That’s Cres Chencia, which is still sinking, but not as quickly or as cornily as before. As for the text at the bottom, that’s the names of things in Cres Chencia — don’t worry, I know what they go to — but I’ll explain things in more detail in later posts. The reason I don’t just crop the photo so we only have the map is because I’m lazy because this is world-building month and rough drafts are part of the fun.

Hopefully I’ll be able to squeeze in the details before world-building month is over. It’s great to be back!

to live and die in tria

•August 2, 2008 • 6 Comments

Here’s how I know that participating in world building month is a good idea: I never would have taken the time to sort out these details otherwise. What I would have ended up with is a half-assed world that would inevitably require extensive work in later drafts that, in all likelihood, I would have been to lazy to do.

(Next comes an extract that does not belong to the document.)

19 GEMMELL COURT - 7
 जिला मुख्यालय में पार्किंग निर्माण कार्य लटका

However, this was fun. I created a planet today. How many people can say that with a straight face, I wonder?

My planet is named Tria. Like our planet, it has a yellow sun and only one moon. However, Tria’s moon is considerably closer than ours, such that on a clear night, it never gets truly dark. The number of continents changes every few generations or so due to underwater seismic activity and the moon’s close proximity to the planet (and the tumultuous tides that result).

Present day Tria has four continents: Huojin, Fiarna, Penko, and Cres Chencia. Here’s a map (it was created in MS paint, so don’t expect anything fancy):

Since the story that I’m planning takes place entirely on Cres Chencia (as of right now), I’ll describe the Cres Chencian knowledge of the other three continents (but whether or not it’s correct is my secret!).

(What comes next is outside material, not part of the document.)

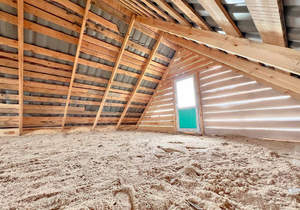 Дом 70м², 2-этажный, участок 10 сот.  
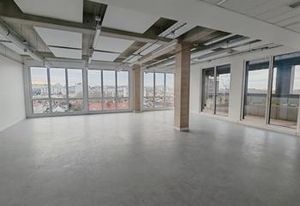 Locaux d'activité neufs à louer Ivry-sur-Seine - Proche transports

Huojin lies in the far north and is inhabited mostly by hunters and trappers. In the mountainous regions, there are several steel mines, and the Huojins blacksmiths are excellent at tempering the steel. Their swords are without rival. Nevertheless, the Huojins have rather simplistic, grotesque habits and are considered little better than barbarians.

Fiarna is lush with forests and grasslands and experiences a fairly temperate climate with four distinct seasons (much like most of North America and Europe). Fiarnians have moderate use of technology and can utilize the most basic principles of physics. Despite this, they are a savage people, highly skilled in combat–with or without weapons. They are best avoided.

Penko is a largely uninhabited continent due to its harsh climate. Roughly two-thirds of the land mass is desert. Several nomadic tribes are able to survive in the forbidding habitat, but it is yet unknown how. The savanna around the desert is home to fierce beasts of various kinds, and no humans are thought to dwell there. The southern tip of Penko opens up to grassland. It is believed that the farmers who inhabit that area are survivors from a continent that sank in past generations.

The details on the continent of Cres Chencia are much more elaborate, so I’m going to save that for the next post. Au revoir for now. :)

the cast

•August 1, 2008 • 4 Comments

As promised, I’ll talk a little about the characters that inhabit this not-yet-fleshed-out world of mine. I’m not dividing them up into good guy and bad guys. If everything goes according to the extremely flimsy plan I’m working with, this will be one fantasy novel without a dark lord or a hero. Essentially, there are just several different people running around with different priorities, causing problems for themselves and for one another. Everyone is both a good guy and a bad guy.

Whether or not I’ll be able to pull this off is a different matter all together, but I’ll worry about that when November rolls around.

Without further ado, allow me to introduce you to the main characters as of this point:

Caelan is arguably the MC, but not really. He’s just the point from where this whole idea spawned. He’s tall and lanky, with a lightly tanned complexion, brown eyes, and jaw-length brown hair that he is forever tucking behind his ears. The love of Caelan’s life is literature, owing to his upbringing as a servant for a well-to-do former naval captain who taught him to read as a boy. He also loves the sea. He resents authority and hates having to ask for help. He also believes, wrongly, that he can find happiness by being wealthy and independent, and he’s afraid of failure. Despite essentially marrying for money, he truly loves his wife and tries to make her happy (but he usually fails to do so).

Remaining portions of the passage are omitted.